The Keys, of course, have fewer residents, but there are also only two hospitals on the island, Carruthers notes. The tiny number of cases has never stressed the infrastructure there, but had on outbreak put heavy demands on facilities, the isolation of the Keys would made it difficult to simply transport patients to the mainland.
“We are at the doorstep of the three counties in Florida with the greatest number of cases,” she said.
Rep. Holly Raschein, a Key West Republican, has seen her office besieged with phone calls both in favor and against the roadblock.
“The input has run the whole gamut,” she said. “There’s folks that never wanted it to go up, and folks who want it to stay up forever. Welcome to the Keys.”
Raschein provides county government’s number if people call with irate questions about the policy. The controversial direction wrought countless questions about commercial regulation, local restrictions on a federal road and even racial profiling of drivers at a time when only residents are allowed to be in the community.

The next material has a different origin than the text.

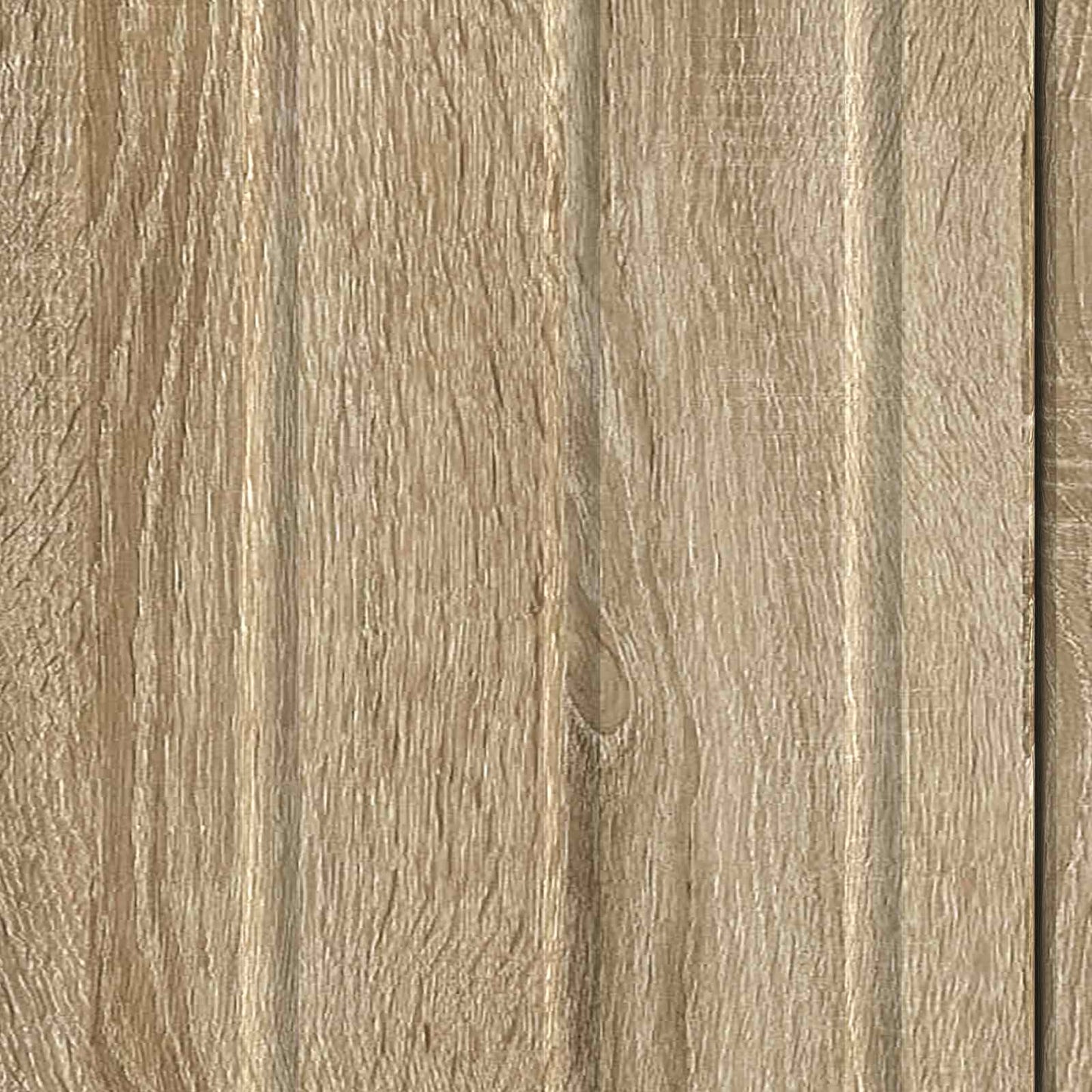 vidaXL Sideboard Sonoma Oak 66 x 34.5 x 92 cm Engineered Wood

The state lawmaker has some concerns the move may have artificially stifled the local economy. But from a public health point of view, she notes, stopping traffic on U.S. 1 provided remarkable results. It may have seemed like a dramatic move, but it worked.
And unlike any other major locale in Florida, it was an easy task for an island government to pull off.

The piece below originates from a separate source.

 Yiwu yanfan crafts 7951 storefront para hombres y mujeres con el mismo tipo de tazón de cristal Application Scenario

“We are able to isolate ourselves from the mainland,” she said. “And quite frankly, we are one of the only counties and communities in the state that can.”
Carruthers ultimately dismisses the comparison of the existing checkpoint on U.S. 1 to the Border Patrol disruption in 1982.
“That particular blockage was based on an assumption everyone coming into and leaving the Keys was involved in the drug trade,” the Mayor said. “This was the whole thing of a county on the other side of the checkpoint being infected.”
As for public opinion, her office has received far more calls in favor of the policy than opposed, maybe a 9-to-1 ratio. Islanders themselves always hold an uneasy relationship with tourists who pile onto the island off cruise ships and crowded buses.
If necessary, Carruthers is prepared to set the checkpoint up again after June 1. But she said the policy isn’t one she takes at all lightly. “This entire pandemic is the most stressful thing I’ve ever faced in my years of public service,” she said. Halfway through her third term in office, she counts closing the highway to non-residents as the toughest decision she’s ever made.
3 comments
Steve C
May 26, 2020 at 9:45 am
Allow people to return without their vehicles!
Wendy Wilson
May 26, 2020 at 12:15 pm
The majority of people pushing to open own businesses that don’t offer vacation or sick leave or even a liveable wage to their employees. So their only concern is stuffing their pockets. They don’t care about their employees or the rest of us.
Jordan Letschert
May 26, 2020 at 4:11 pm
KeyWest is part of Florida is it not ? Would you be ok next month during Hurricane season if, using the same logic of possible Covid19 spread, other counties ban Monroe residents from seeking entry? It’s a slippery slope.. based on your comment as long as a business pays a good wage , and paid time off your ok to open? Because last time I checked Monroe residents could go up to Miami get sick and return to the keys, people could fly in, and when the checkpoint got backed up the police Simply let everyone in… not to mention this whole time all the workers who daily commuted from Miami.. it’s a travel ban plain and simple which is why these lawsuits will continue … the keys is a $2.4 billion market.. most business have been there far longer than “locals” who simply retired there.. we’ve been there for 4 decades.. keys has lost 30% of workforce and those retired won’t like a state income tax due to a budget shortfall.. lastly what’s odd to me is despite decades of knowing , the keys refuses to adequately build a healthcare system for not just locals but visitors when everywhere else has.. why is that ? Isn’t it time KeyWest builds a real healthcare system when you don’t have to be airlifted to Miami for anything more than a cold?